Feds put $5M bounty on 'CryptoQueen' Ruja Ignatova
OneCoin co-founder allegedly bilked investors out of $4B
Uncle Sam has put a $5 million bounty on any information leading to the arrest or conviction of self-titled "CryptoQueen" Ruja Ignatova, who is wanted in the US for apparently bilking victims out of more than $4 billion in what the Feds describe as the "one of the largest global fraud schemes in history."
In 2014, Ignatova and Karl Sebastian Greenwood co-founded the "Bitcoin killer" OneCoin in Sofia, Bulgaria. The two, along with Ignatova's younger brother, Konstantin touted OneCoin as a legitimate cryptocurrency.
"To promote OneCoin, Ruja organized glamorous parties, funded international company events in Dubai, Macao, Singapore, and the UK; and, according to some sources, even invited Tom Jones to perform at her birthday party in London," according to court documents [PDF]. "In the year following the creation of OneCoin, Ruja and her peers bought millions of dollars' worth of real estate across the world."
In reality, according to one of these investors who sued the trio in 2019, the operation was a $4 billion "Ponzi scheme" for a cryptocurrency that "never really existed, on a blockchain that never really existed, born from mining farms that never really existed."
In October 2017, Ignatova was indicted by a grand jury in New York and charged with conspiracy to commit wire fraud, wire fraud, and conspiracy to commit money laundering.
Two weeks later, she hopped on a plane from Sofia, Bulgaria to Athens, Greece to evade arrest, and hasn't been seen since.
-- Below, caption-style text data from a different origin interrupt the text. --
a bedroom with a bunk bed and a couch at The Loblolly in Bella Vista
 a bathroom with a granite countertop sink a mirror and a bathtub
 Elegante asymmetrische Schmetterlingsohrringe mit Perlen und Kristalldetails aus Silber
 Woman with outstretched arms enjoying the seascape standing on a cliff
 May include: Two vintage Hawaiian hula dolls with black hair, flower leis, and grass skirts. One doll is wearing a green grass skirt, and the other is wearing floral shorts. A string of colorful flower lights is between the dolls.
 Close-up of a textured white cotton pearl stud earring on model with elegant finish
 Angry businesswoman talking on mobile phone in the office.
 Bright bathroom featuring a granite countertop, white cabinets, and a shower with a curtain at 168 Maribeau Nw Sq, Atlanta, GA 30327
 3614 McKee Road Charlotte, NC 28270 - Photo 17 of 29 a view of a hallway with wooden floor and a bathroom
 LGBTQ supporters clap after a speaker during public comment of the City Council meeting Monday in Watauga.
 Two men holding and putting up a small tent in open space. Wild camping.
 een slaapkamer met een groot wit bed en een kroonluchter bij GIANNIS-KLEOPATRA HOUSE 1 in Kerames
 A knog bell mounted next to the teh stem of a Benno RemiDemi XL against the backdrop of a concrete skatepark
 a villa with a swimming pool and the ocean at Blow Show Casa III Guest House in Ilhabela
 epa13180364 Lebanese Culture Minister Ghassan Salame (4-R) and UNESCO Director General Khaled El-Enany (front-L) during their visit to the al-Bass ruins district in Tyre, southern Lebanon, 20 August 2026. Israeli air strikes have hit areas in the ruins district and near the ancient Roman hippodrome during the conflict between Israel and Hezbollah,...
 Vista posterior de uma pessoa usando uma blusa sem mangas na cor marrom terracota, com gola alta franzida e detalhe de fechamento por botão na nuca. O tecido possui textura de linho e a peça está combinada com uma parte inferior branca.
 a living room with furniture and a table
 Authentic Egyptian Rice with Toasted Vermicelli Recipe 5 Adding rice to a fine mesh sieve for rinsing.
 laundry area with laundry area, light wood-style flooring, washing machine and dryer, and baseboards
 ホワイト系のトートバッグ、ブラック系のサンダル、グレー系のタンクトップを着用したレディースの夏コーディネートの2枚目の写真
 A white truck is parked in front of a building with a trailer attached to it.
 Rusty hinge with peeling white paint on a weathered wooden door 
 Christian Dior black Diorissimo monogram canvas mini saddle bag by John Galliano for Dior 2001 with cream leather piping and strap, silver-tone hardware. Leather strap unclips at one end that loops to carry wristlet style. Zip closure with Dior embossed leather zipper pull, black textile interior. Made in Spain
A BBC podcast speculates that she may have had plastic surgery and is living incognito in Europe.
In February 2018, a superseding indictment [PDF] added charges of conspiracy to commit securities fraud and securities fraud to Ignatova's alleged crimes, and in 2022 she was added to the FBI's Ten Most Wanted Fugitives List.
Germany has also criminally charged Ignatova for her role in the alleged scheme.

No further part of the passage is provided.